Oder du bleibst weiterhin Coach, aber eben nicht mehr für schnödes Training sondern für das Leben an sich. Wer andern erfolgreich eine Kniebeuge beibringen kann, der kann auch mit wenigen motivierenden Zweizeilern Depressionen beseitigen, Süchte heilen und ganz generell  immerwährende Glückseligkeit garantieren, wenn man nur ein paar Euros investiert um eines deiner Seminare zu besuchen.

 

Und wenn du alle diese Level bereits durchgespielt hast und wirklich keine Herausforderung für dich mehr übrigbleibt, dann hast du die letzte und höchste Stufe auf der Evolutionsskala für Influencer erreicht. Nun ist es an der Zeit, dich von allen weltlichen Belangen zu lösen, in ein tropisches Land auszuwandern und 24/7 Drogen und Ostblock-Models zu ballern. Du hast es geschafft und bist nun kein Influencer mehr, streng genommen noch nicht einmal mehr ein Mensch…nein, jetzt bist du ein Gott! Und weil du zudem ein gütiger Gott bist, der für seine Anhänger nichts als Liebe übrig hat, willst du diese neu gewonnene Weisheit mit allen teilen in dem du ihnen empfiehlst, sich von allen weltlichen und gesellschaftlichen Zwängen wie Arbeit, Familie, Kleidung usw. zu befreien und von nun an ausschließlich zu tun worauf du Lust hast. Dass dieser Lebensstil mit an Sicherheit grenzender Wahrscheinlichkeit auf der Straße statt in einer heißen Russin enden wird, wenn man nicht wie du Millionen auf dem Konto hat, ist ein Detail, dass man in deiner Welt gerne mal übersehen kann, schließlich stehst du über den Dingen. Und überhaupt ist das ja nicht dein Problem und schmälert den Wahrheitsgehalt deiner Philosophie nicht wirklich.

 

Wie ihr also seht ist Influencer zu sein nicht nur ziemlich geil, sondern darüber hinaus auch ziemlich einfach.
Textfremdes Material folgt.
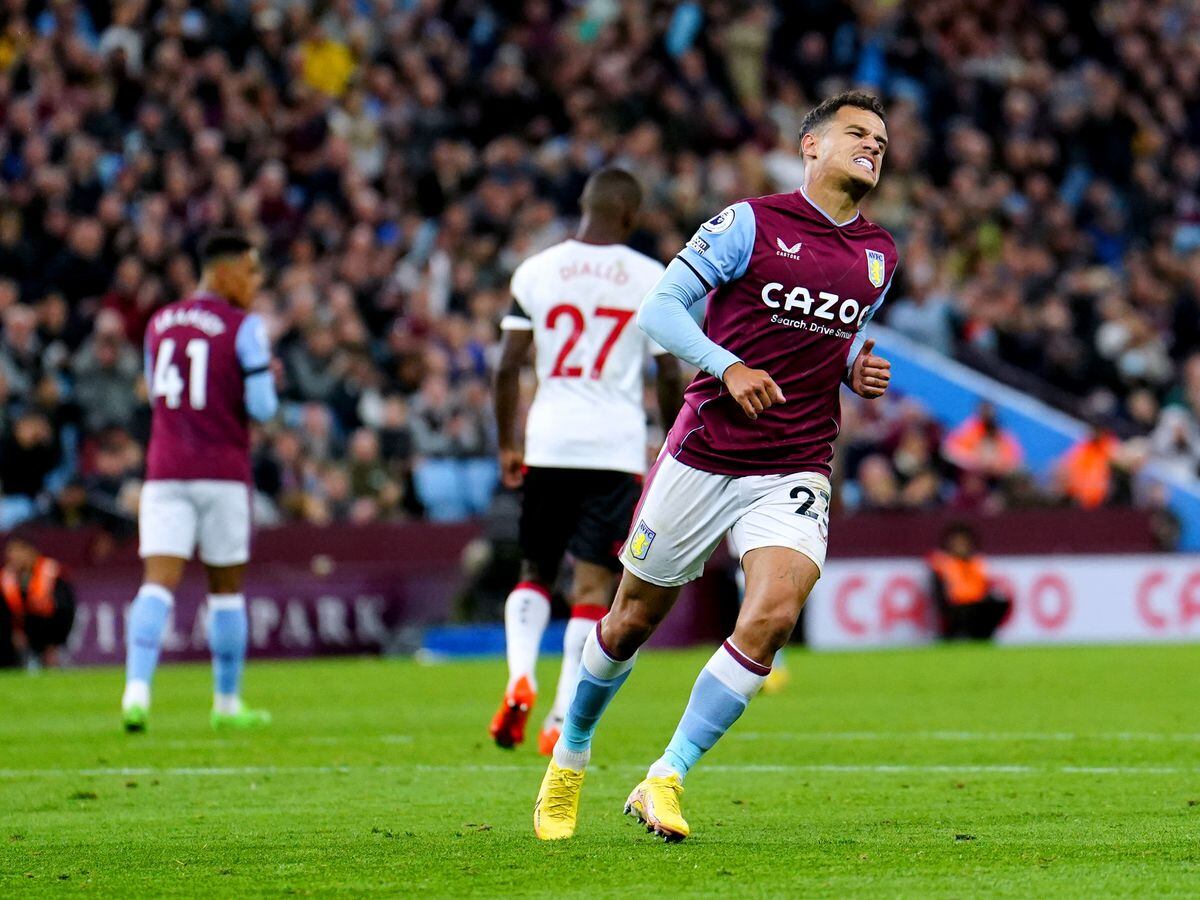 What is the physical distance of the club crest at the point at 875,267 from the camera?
21.3 feet

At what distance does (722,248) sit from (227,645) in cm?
518

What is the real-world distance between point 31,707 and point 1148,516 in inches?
476

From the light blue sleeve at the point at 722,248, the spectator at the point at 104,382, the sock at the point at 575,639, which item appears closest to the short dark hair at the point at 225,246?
the sock at the point at 575,639

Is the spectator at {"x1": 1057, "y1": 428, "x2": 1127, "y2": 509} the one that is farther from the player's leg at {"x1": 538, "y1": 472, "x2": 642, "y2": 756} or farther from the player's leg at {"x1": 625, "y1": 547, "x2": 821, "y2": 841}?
the player's leg at {"x1": 625, "y1": 547, "x2": 821, "y2": 841}

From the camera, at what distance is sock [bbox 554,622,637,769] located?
6520 millimetres

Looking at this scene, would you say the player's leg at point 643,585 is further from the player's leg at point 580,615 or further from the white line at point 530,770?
the player's leg at point 580,615

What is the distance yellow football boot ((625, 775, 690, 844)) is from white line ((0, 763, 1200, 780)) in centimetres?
229

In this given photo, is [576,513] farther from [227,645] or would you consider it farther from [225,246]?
[225,246]

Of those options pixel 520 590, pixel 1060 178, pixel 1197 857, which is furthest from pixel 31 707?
pixel 1060 178

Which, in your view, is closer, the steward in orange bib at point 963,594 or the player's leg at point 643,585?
the player's leg at point 643,585

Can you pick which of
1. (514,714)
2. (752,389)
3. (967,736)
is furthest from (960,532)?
(752,389)

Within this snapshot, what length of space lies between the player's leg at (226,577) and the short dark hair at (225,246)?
3.82 ft

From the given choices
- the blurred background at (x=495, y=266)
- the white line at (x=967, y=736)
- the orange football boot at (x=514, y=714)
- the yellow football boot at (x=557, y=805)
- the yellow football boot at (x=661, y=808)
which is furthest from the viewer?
the blurred background at (x=495, y=266)

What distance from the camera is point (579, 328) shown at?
946cm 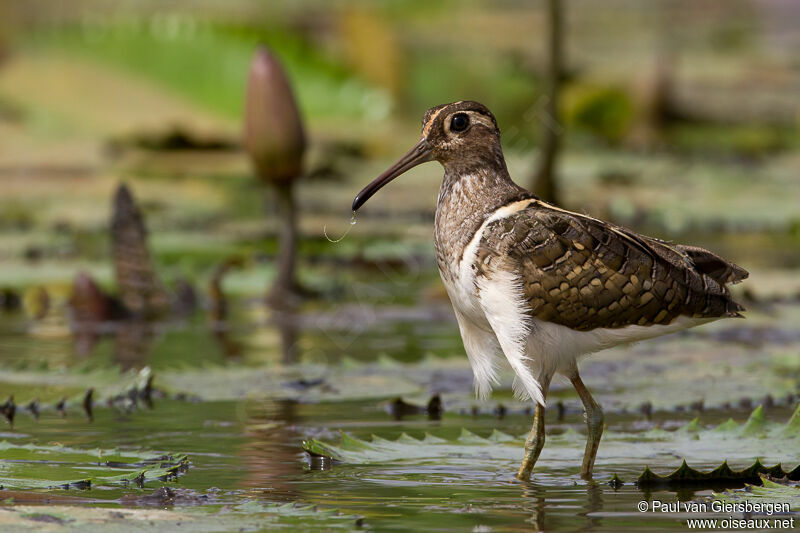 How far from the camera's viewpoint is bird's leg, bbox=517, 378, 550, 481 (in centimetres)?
552

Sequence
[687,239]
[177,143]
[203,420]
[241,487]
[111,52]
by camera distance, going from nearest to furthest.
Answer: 1. [241,487]
2. [203,420]
3. [687,239]
4. [177,143]
5. [111,52]

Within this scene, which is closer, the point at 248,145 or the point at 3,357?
the point at 3,357

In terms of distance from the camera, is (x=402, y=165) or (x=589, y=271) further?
(x=402, y=165)

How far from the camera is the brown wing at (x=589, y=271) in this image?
18.0 feet

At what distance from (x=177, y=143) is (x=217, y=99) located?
39.5 inches

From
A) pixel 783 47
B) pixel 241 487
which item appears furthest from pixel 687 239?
pixel 783 47

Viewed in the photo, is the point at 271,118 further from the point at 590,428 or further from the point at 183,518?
the point at 183,518

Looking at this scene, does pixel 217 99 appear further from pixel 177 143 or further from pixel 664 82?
pixel 664 82

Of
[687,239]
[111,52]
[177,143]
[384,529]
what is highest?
[111,52]

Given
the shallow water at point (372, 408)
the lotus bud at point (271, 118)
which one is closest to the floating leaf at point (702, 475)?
the shallow water at point (372, 408)

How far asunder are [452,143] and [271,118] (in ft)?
12.6

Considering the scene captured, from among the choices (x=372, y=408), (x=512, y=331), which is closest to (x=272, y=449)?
(x=372, y=408)

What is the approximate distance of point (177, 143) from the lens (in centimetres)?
1570

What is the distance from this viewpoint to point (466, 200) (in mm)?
5766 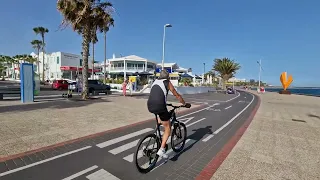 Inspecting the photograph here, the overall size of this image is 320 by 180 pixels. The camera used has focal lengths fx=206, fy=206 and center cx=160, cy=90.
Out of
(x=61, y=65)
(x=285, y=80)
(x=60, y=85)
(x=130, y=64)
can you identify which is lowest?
(x=60, y=85)

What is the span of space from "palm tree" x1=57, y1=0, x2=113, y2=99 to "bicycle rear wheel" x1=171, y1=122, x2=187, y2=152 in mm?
13044

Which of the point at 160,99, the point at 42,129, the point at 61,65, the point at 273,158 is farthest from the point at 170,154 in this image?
the point at 61,65

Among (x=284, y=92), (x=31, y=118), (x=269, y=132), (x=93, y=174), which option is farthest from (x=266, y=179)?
(x=284, y=92)

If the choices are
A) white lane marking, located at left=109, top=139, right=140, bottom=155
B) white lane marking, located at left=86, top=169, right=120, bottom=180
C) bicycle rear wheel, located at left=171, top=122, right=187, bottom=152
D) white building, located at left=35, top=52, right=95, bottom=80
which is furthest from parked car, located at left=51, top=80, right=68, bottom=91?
white lane marking, located at left=86, top=169, right=120, bottom=180

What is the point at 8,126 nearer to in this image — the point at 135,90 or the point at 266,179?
the point at 266,179

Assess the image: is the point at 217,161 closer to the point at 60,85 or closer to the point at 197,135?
the point at 197,135

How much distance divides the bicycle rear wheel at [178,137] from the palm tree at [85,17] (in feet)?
42.8

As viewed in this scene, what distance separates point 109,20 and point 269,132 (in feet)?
50.7

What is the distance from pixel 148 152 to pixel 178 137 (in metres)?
1.46

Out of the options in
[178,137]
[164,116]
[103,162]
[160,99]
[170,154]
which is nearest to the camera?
[160,99]

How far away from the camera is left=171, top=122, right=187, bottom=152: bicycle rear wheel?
5441 mm

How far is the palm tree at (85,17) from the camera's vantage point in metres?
16.1

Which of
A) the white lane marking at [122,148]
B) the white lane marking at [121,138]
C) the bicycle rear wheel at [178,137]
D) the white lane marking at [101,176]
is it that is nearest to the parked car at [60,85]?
the white lane marking at [121,138]

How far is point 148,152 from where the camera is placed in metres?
4.44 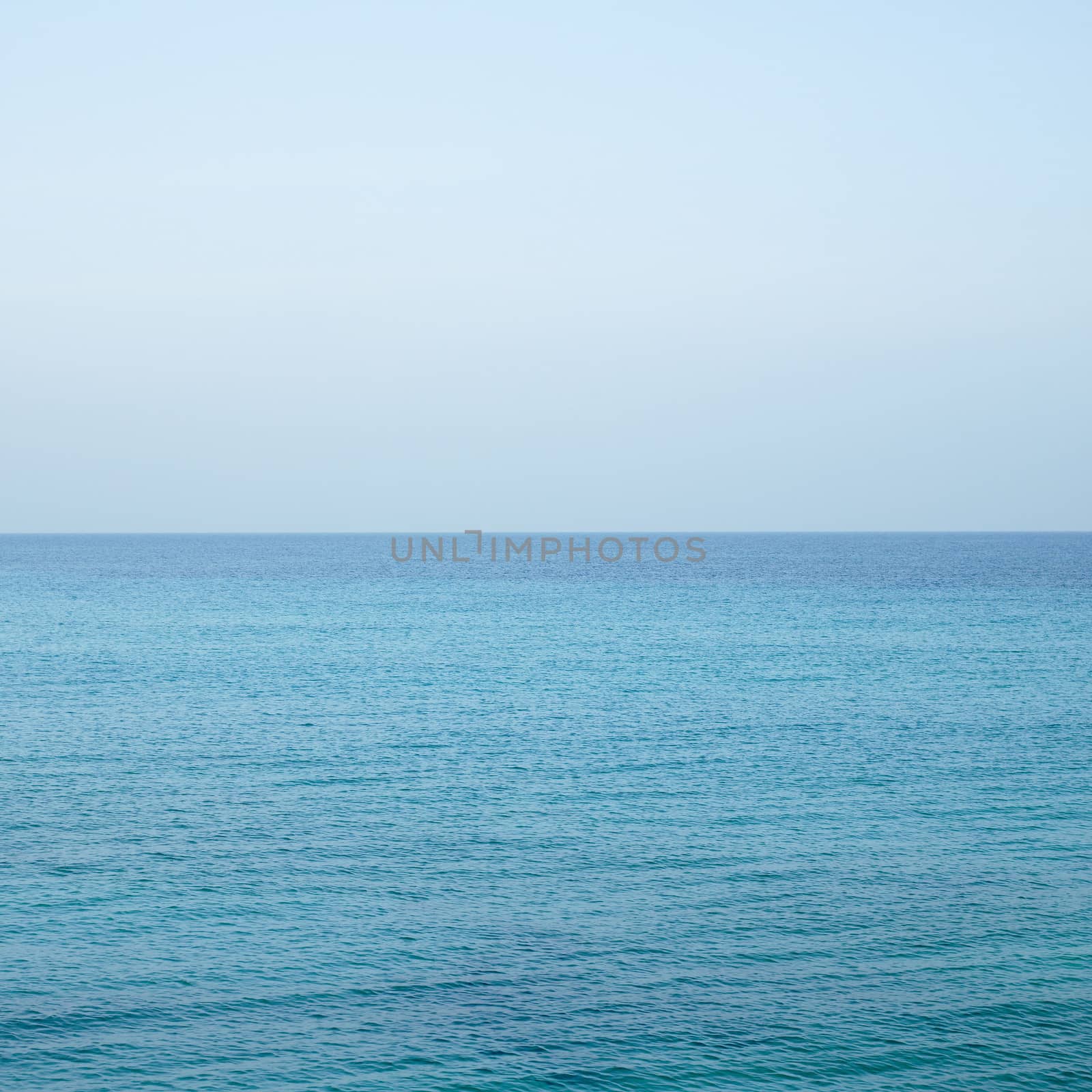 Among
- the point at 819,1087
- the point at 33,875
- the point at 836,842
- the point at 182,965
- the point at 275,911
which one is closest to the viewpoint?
the point at 819,1087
Man braucht letztlich einfach nur ein Handy und ein ausgeprägtes Sendungsbewusstsein. Also gibt es keinen Grund auch nur einen einzigen weiteren Tag zu warten um deine Karriere zu starten. Denn nichts, wirklich gar nichts braucht diese Welt dringender als einen weiteren Fitnessinfluencer, trust me!